La Société des Caves avait notamment tenté de contester l’existence d’un marché pertinent du roquefort.
Le Conseil de la concurrence a, quant à lui, considéré qu’il existe bien un marché pertinent du roquefort, compte tenu des éléments suivants : « les spécificités du roquefort comparées à celles des fromages à pâte persillée, le goût plus fort et plus typé du roquefort, la stratégie commerciale des offreurs présentant le roquefort comme un fromage haut de gamme, le prix de vente du roquefort, très nettement supérieur à celui des bleus, les contraintes géographiques et la réglementation spécifique imposées aux producteurs », rappelant également qu’il avait déjà auparavant relevé l’existence d’un marché pertinent du Cantal… ou du matériel de fabrication du Reblochon.
Le Conseil de la concurrence a donc, par voie de conséquence, constaté la position dominante de l’entreprise sur le marché du roquefort, ainsi que le caractère abusif des accords de gamme conclus. Il a retenu également le fait que les linéaires des GMS constitueraient « une ressource rare dont l’accès fait l’objet d’une forte compétition entre producteurs », de sorte que dans de telles conditions, « un producteur en position dominante ne peut tirer argument du nombre de références qu’il est en mesure de fournir pour s’exonérer de la qualification d’abus de position dominante ».
Cette décision a été confirmée en appel, par un arrêt en date du 9 novembre 2004, et vient d’être confirmée également par une décision de la Cour de cassation du 6 décembre 2005.

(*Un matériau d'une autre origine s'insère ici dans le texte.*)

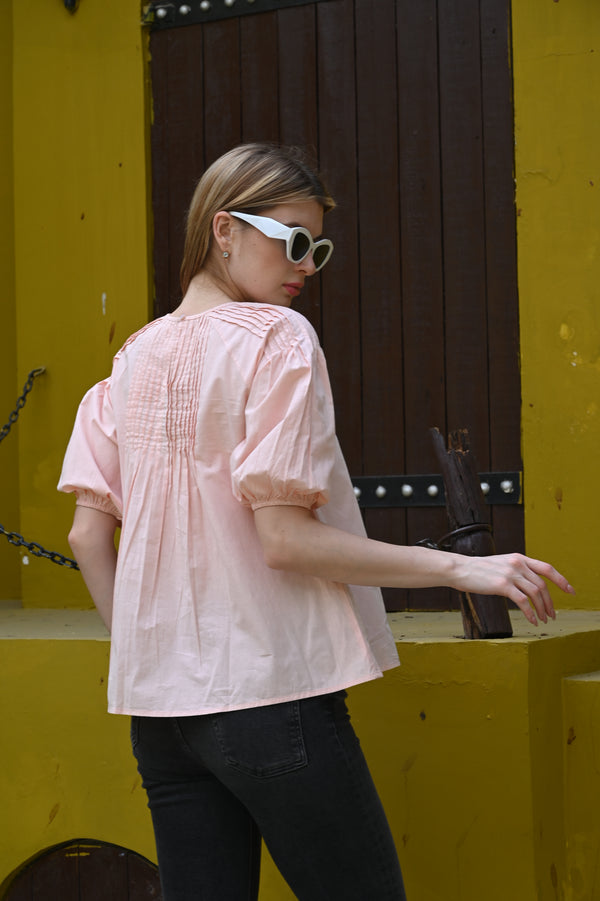 Light Pink Round Neck Top | Soft & Feminine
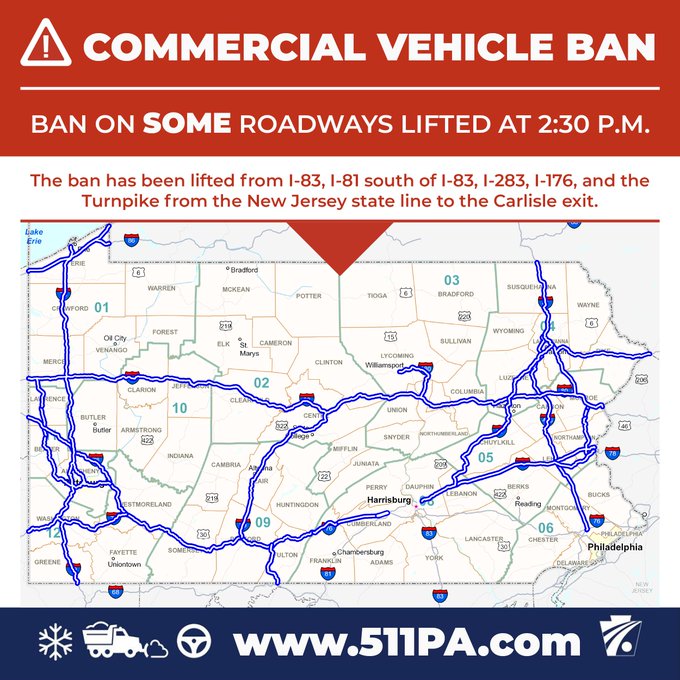 Map of PA with banned roads in blue. Text says the commercial vehicle ban was lifted on some roads at 2:30 p.m.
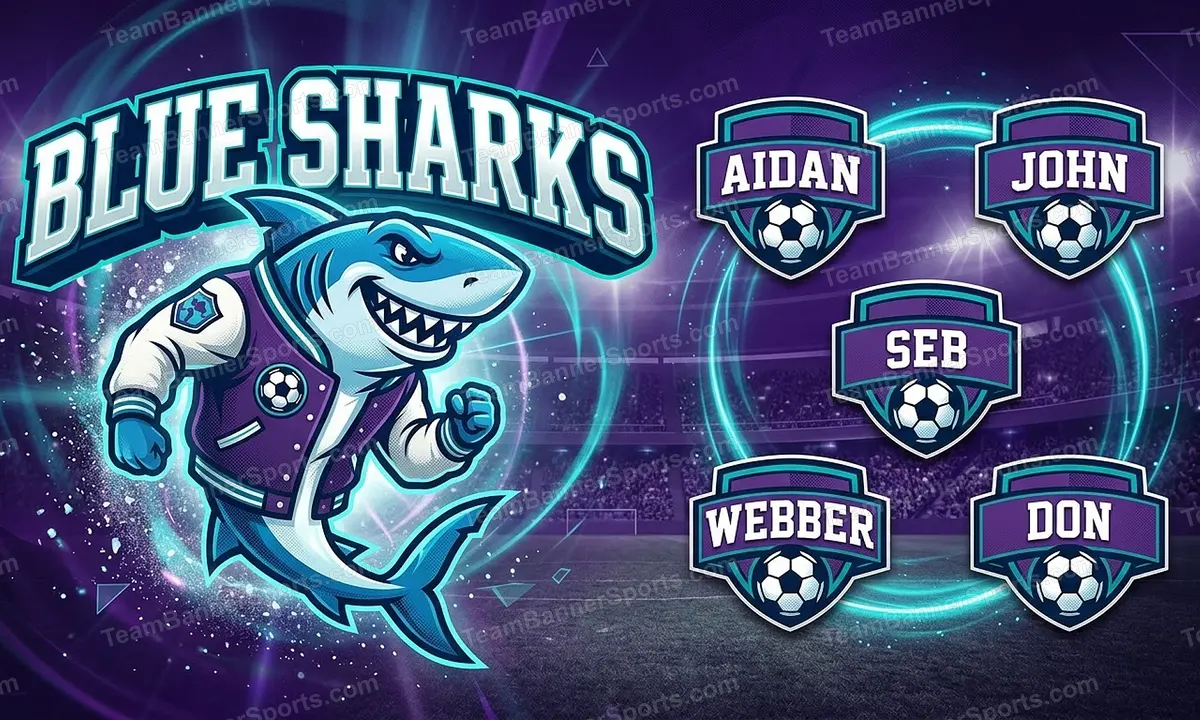 Blue Sharks soccer team banner created with AI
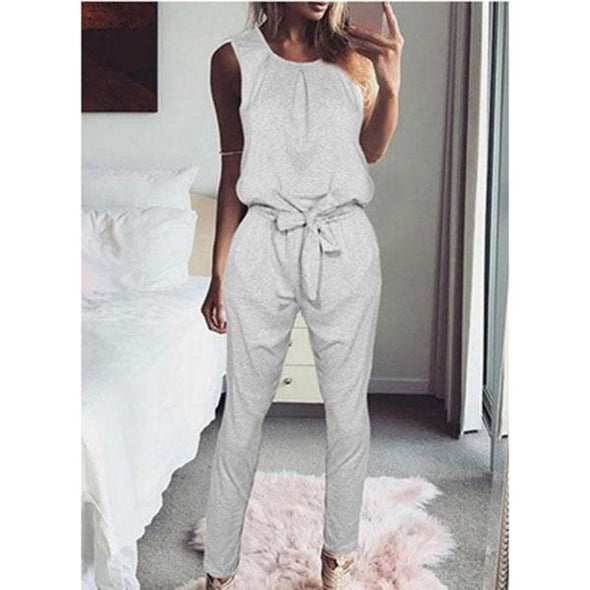 Round Neck  Bowknot  Belt Loops  Plain Jumpsuits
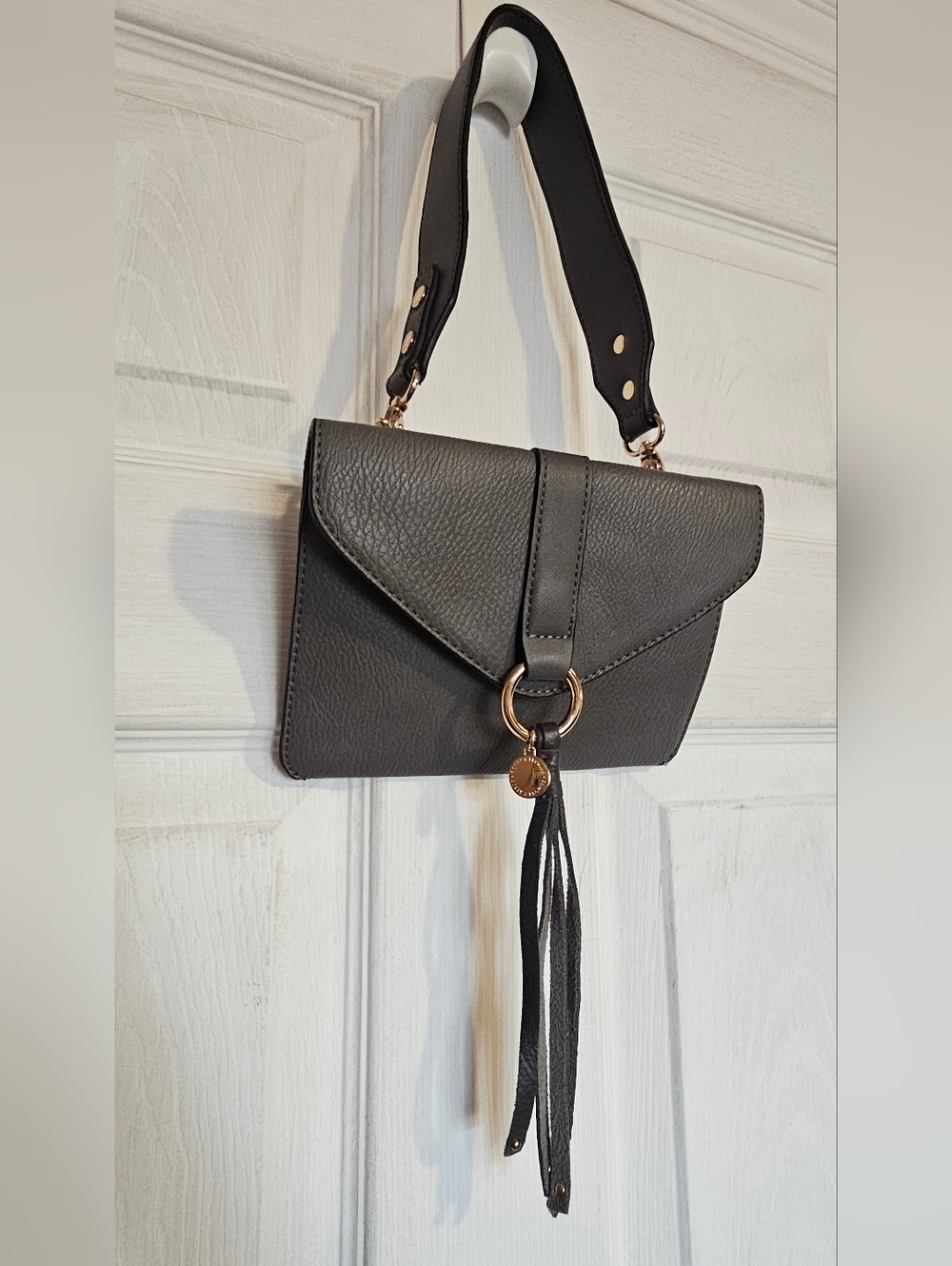 Poppy & Peonies Black Clutch with Strap • Gold Hardware • Envelope Style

Celle-ci a confirmé l’impact des pratiques de la Société des Caves en relevant également le caractère de « ressources rares » des linéaires, d’autant plus raréfiée depuis l’apparition et le développement des produits sous marques de distributeurs.
Elle n’a ainsi pas remis en cause la motivation du Conseil de la concurrence qui relevait que « la Société des Caves ne fournit aucune indication concrète sur la contrepartie économiquement justifiée des rabais accordés, qu’elle qualifie de rabais « de gamme » et se borne à affirmer que les pratiques qui lui sont reprochées permettaient aux distributeurs « de placer dans leurs linéaires le choix complet des produits que réclamait le consommateur » sans apporter de justification économique au choix des taux de remise retenus, ni à leur lien avec le nombre et la nature des référencements exigés dans les accords commerciaux passés avec la grande distribution » et sans que l’on puisse affirmer que le fait de présenter l’ensemble d’une gamme d’un seul et même fournisseur présente un avantage quelconque pour le consommateur.
La solution est somme toute classique, et la Cour de cassation n’était pas interrogée sur le principe même de la remise de gamme. Pour autant, on notera pour conclure que les accords de gamme sont vus avec davantage encore de défaveur depuis l’adoption de la loi du 2 août 2005, intégrant à l’article L.420-2 du Code de commerce, relatif aux abus de position dominante, une mention expresse des accords de gamme, et indiquant, à l’article L.442-6-I-2°, b du même Code que « le fait de lier la vente de plus d’un produit à l’octroi d’un avantage quelconque constitue un abus de puissance de vente ou d’achat dès lors qu’il conduit à entraver l’accès des produits similaires aux points de vente ».